Research Projects of the Dialog Systems and Machine Learning Working Group
DYMO - Dynamic Dialogue Modelling
An ERC Starting Grant awarded by the European Research Council
The dialogue systems currently deployed both in academia and in industry are typically built for fixed domains, requiring a new data set every time the domain changes. End-to-end methods attempting to solve this problem directly with open-domain chat-bots are far from reaching competitive results on goal-oriented tasks. The aim of this project is to tackle the most substantial obstacles on the way to intelligent conversational systems that can expand dynamically and span the problem of operating with dynamic knowledge, dynamic policies, rich user models and sophisticated measures of quality.
- Duration: 01.09.2019 - 31.01.2026
- Value: 1.5M Euro
- People: Prof Dr Milica Gasic, Dr Christian Geishauser, Dr Hsien-Chin Lin, Dr Benjamin Ruppik and Renato Vukovic
Trustworthy Integration of Large Language Models in Human-Computer Interactive Systems
Lamarr Fellow Network Ramp up - a project awarded by the ministery of culture and science of NRW
Large language models achieve impressive results across the entire spectrum of computational linguistics. Their success is based on an innovative combination of three mechanisms: a transformer network, prompt-based learning and reinforcement learning through human feedback. As impressive as the capabilities of these language models are, the problems they bring with them are just as diverse.
Large language models need to be trained on huge data sets. Accessing the models is costly and time-consuming. The output includes misleading content with no apparent reference to the training data. There is no evidence of the reliability. The models lack the ability to seamlessly incorporate external knowledge into their outputs.
Large language models are therefore not a replacement for conventional human-computer interfaces. However, they have the potential to take the quality and user-friendliness of such interfaces to a whole new level. The central question that we would like to address as part of this project is: How and where is it necessary and responsible to integrate large language models into an interactive human-computer dialogue system? The project therefore lies at the intersection of human-focused artificial intelligence, trustworthy artificial intelligence and linguistic data processing.
- Duration: 01.04.2024 – 31.03.2028
- Value: 599.222,14 Euro
- People: Prof. Dr. Milica Gasic, Dr. Carel van Niekerk und Dr. Hsien-Chin Lin
Curriculum learning in natural language generation
A project awarded by the German Research Foundation (DFG)
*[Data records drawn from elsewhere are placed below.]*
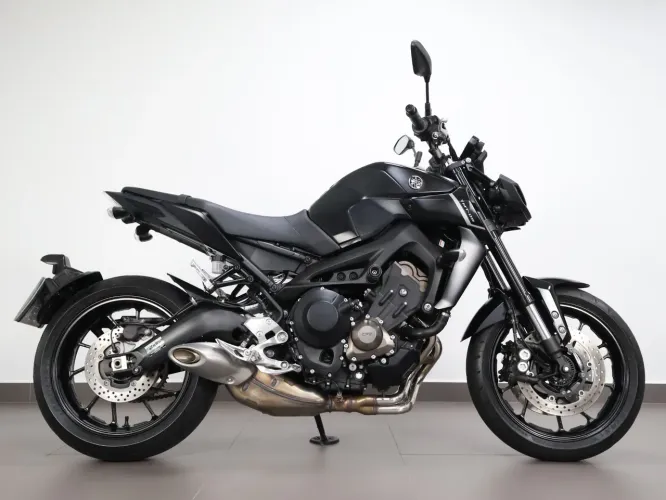 YAMAHA MT-09 ABS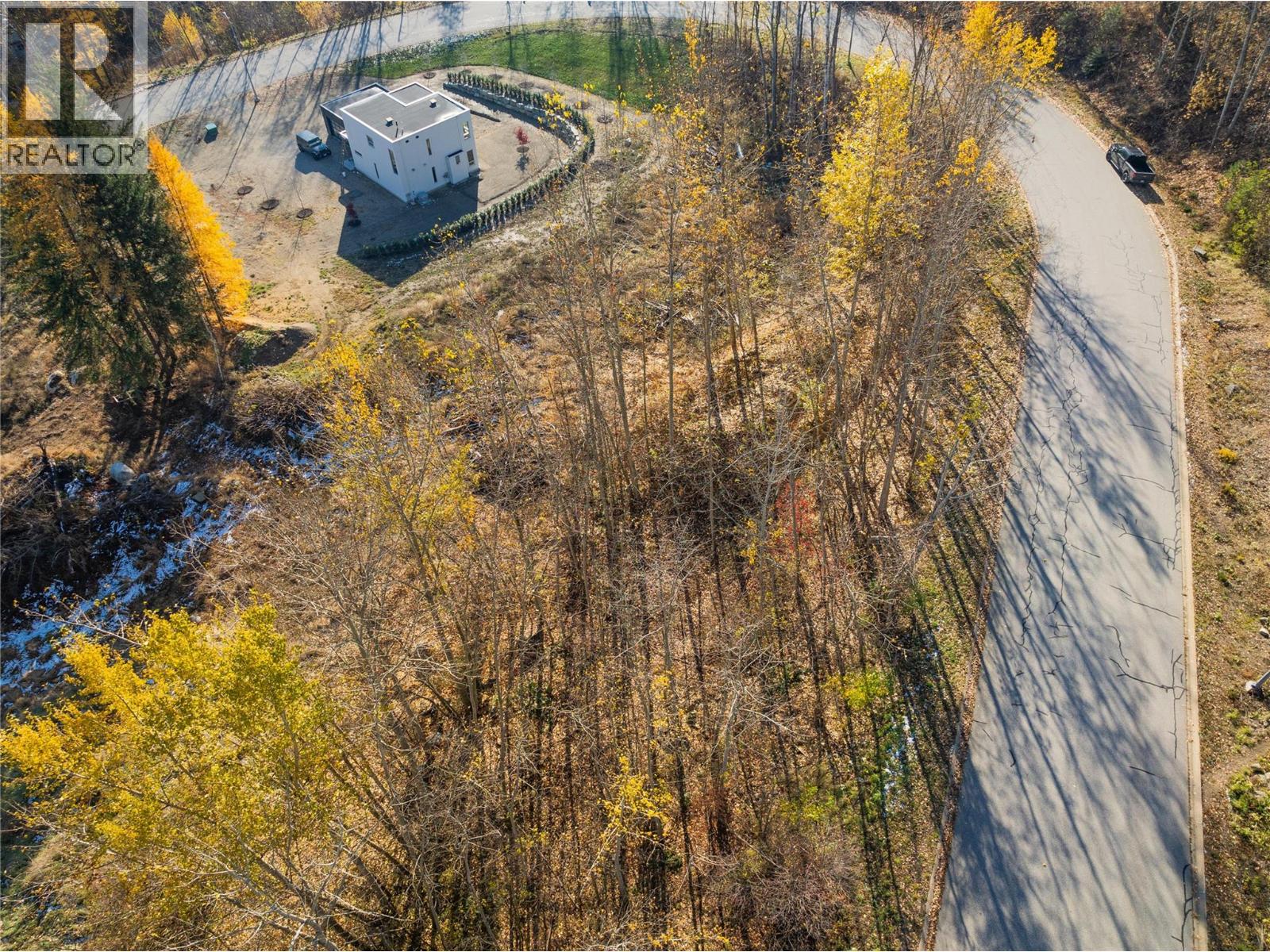 Photo 16 of 220 Whitman Way, Warfield BC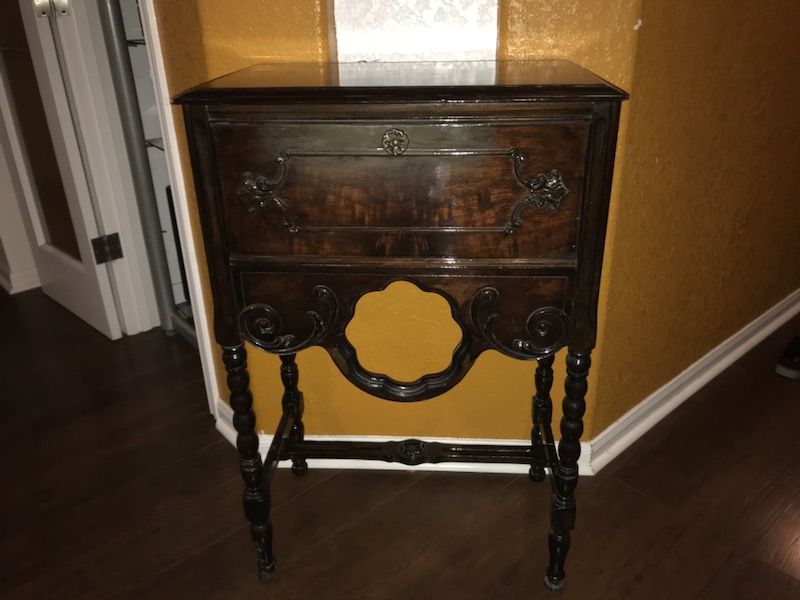 Pooley Antique Radio Cabinet model 7200. This is for the cabinet only. Great condition, very solid and very beautiful design. Measures 38” tall by 25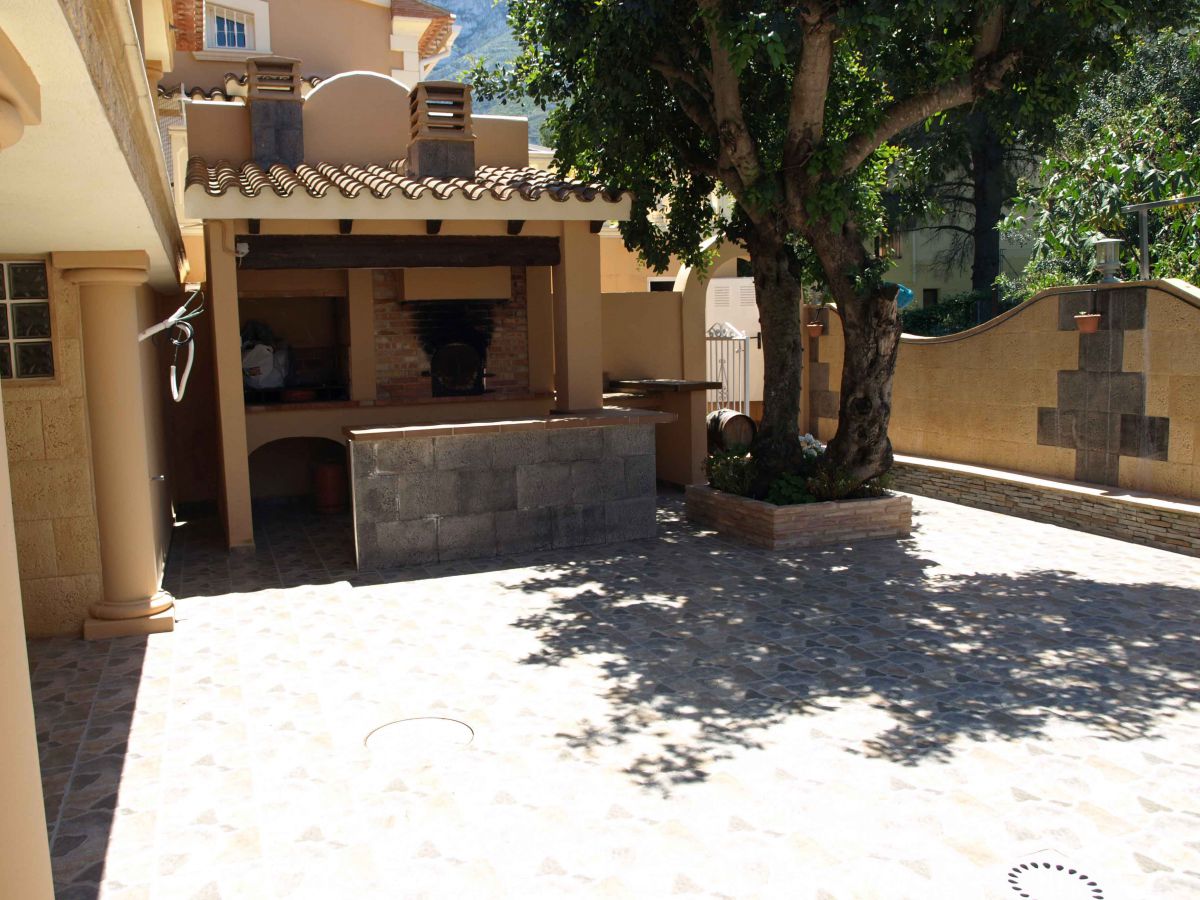 Villa in Denia - view 1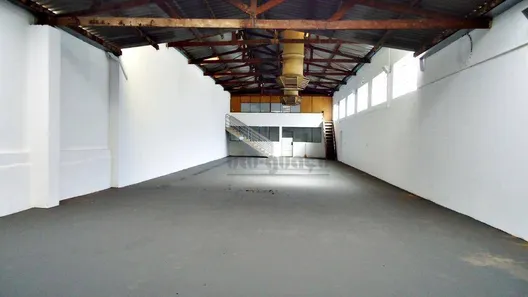 Prédio Inteiro para alugar, 2000m² no Centro, Salto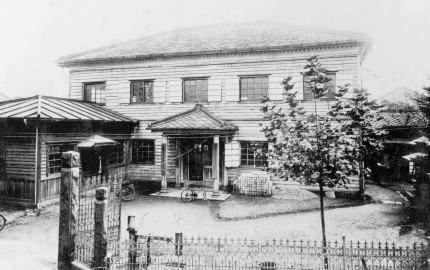 岡谷信用組合の設立時に事務所をおいた平野村役場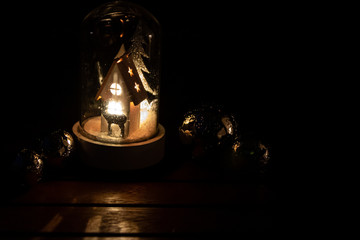 Fototapeta na wymiar Weihnachtsdekoration mit Kerzenschein, Teelicht und glänzenden Metallkugeln an Weihnachten zeigt das Fest der Liebe von seiner schönsten Seite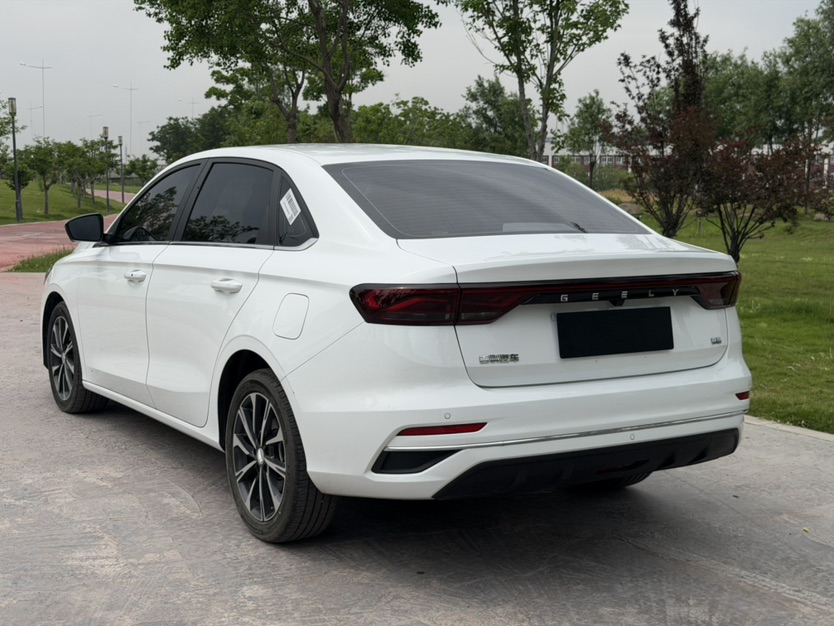 GEELY Emgrand 2024 car image #4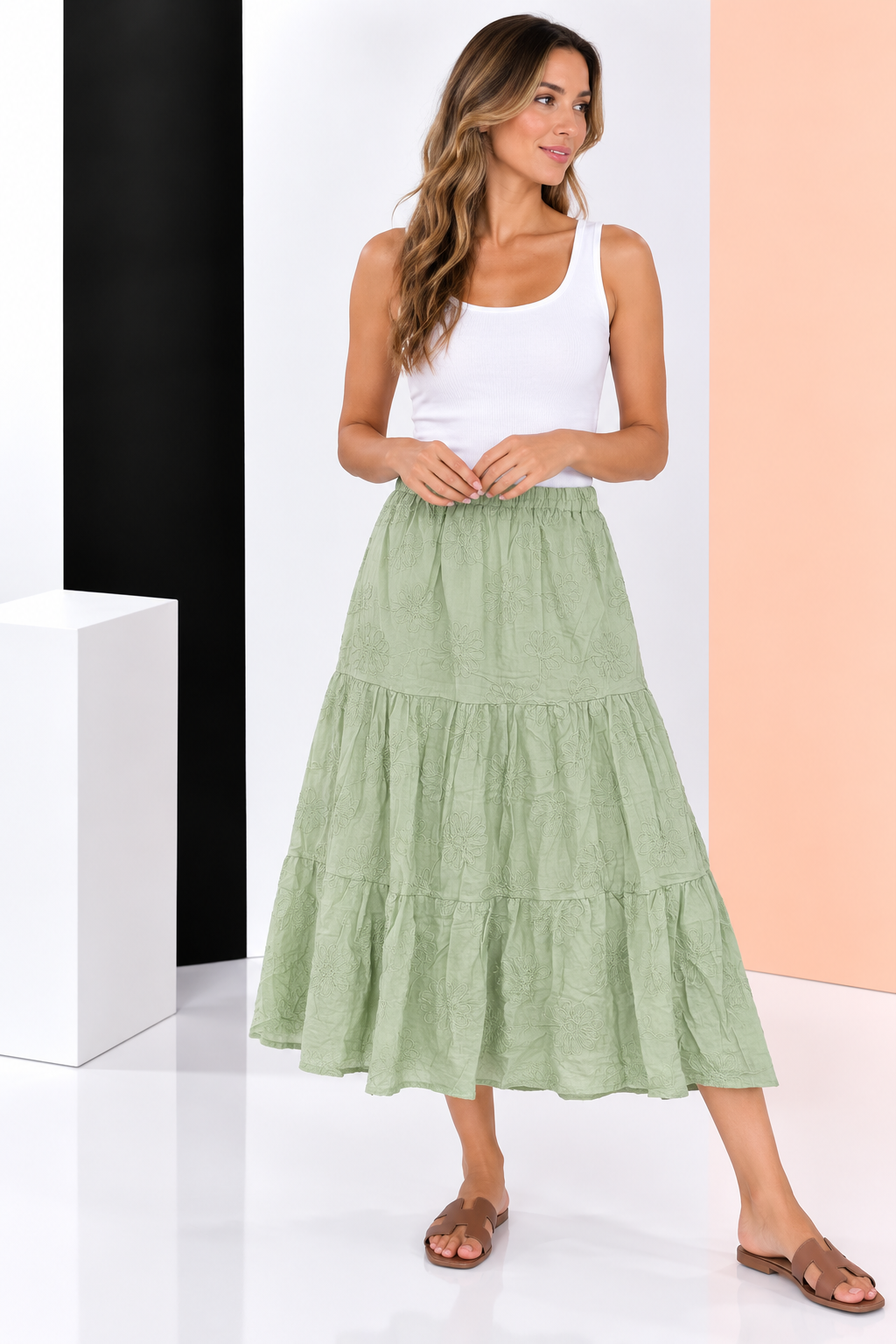 Falda larga en brodery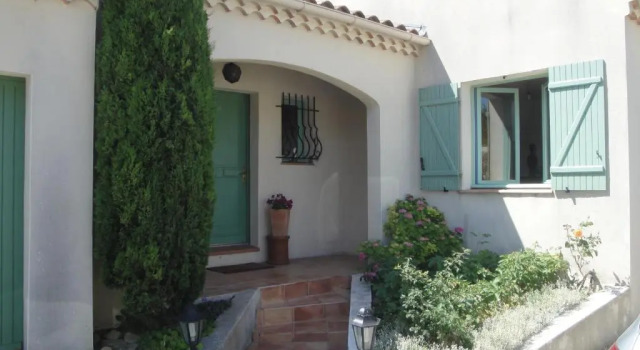 nice home rental in the hearth of the village mouriès, in the natural park of the alpilles, Забронировать Отель Мурьес Альпий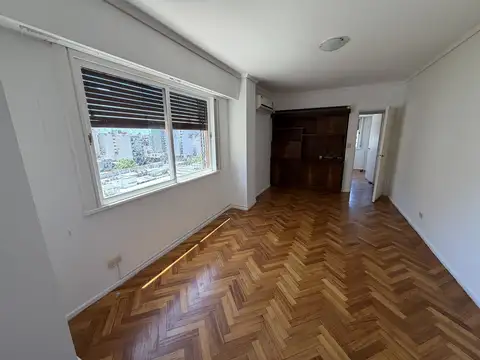 DEPTO DE 3AMB C/DEPENDENCIA. 9º PISO AL C/FRENTE de aprox 78Mts2, EN MUY BUEN ESTADO Y LUMINOSO, c/balcon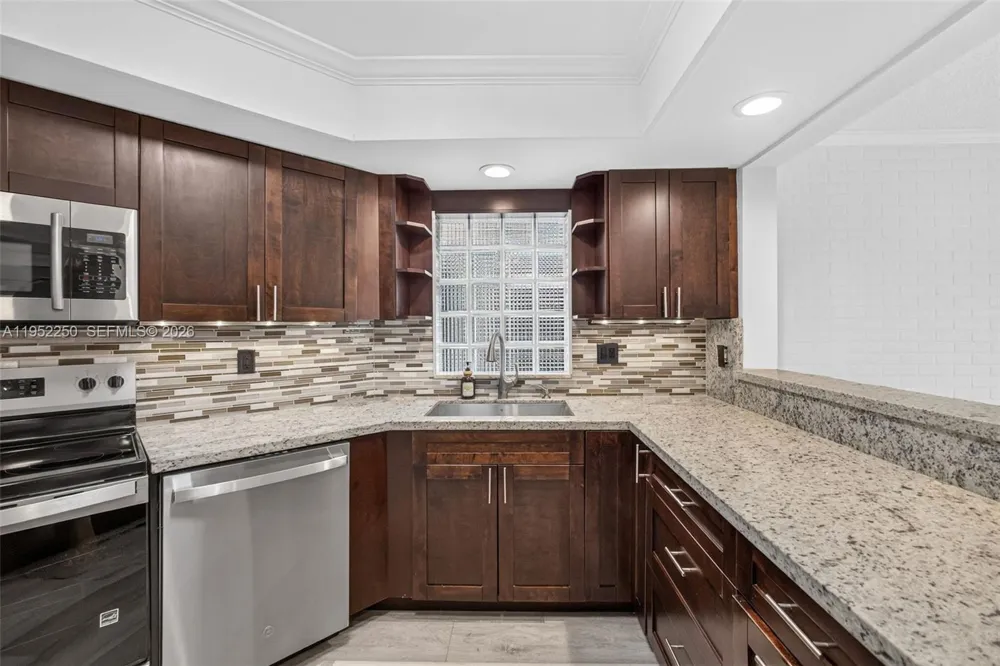 11625 Winchester Dr #B Palm Beach Gardens, FL 33410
State-of-the-art Natural Language Generation models (NLG) address the task of language generation as next token prediction: Given a sequence of tokens, e.g., words, what is the most probable next token? The simple problem formulation, taken together with the large amount of unlabelled data available for training, allows to make these systems big and powerful, which has led to today's AI boom. The results are impressive in terms of naturalness and grammaticality of the generated output, leading to its mainstream adaption for real world applications today. However, the large amount of knowledge learned by neural language models comes at a cost: it manifests in form of hallucinations, which are outputs that are untrue based on real world knowledge or user intent. It is especially difficult to pinpoint where this problem originates from, as NLG models are trained on huge data sets. Hallucination detection and mitigation are becoming increasingly important and urgent topics in natural language processing (NLP) field as language models become used and relied upon by to millions of users worldwide.
The goal of this project is to better understand the origins of hallucinations and eventually reduce their magnitude and severity in the output of NLG models.
- Duration:01.08.2025 – 31.07.2028
- Value: 361.852 Euro
- People: Prof Dr Milica Gasic, TBA
Towards Intelligent Dialogue Systems
A Sofja Kovalevskaja grant awarded by the Alexander von Humboldt foundation
A human can read a book and instantly be able to talk about what he or she has read. Machines, on the other hand, are very good in storing huge amount of information but not so good in sharing this information with humans in a natural and human-like way. The question we try to answer is how we enrich dialogue system knowledge using non-dialogue unstructured data and what is the adequate dialogue system architecture and features which are needed to support that.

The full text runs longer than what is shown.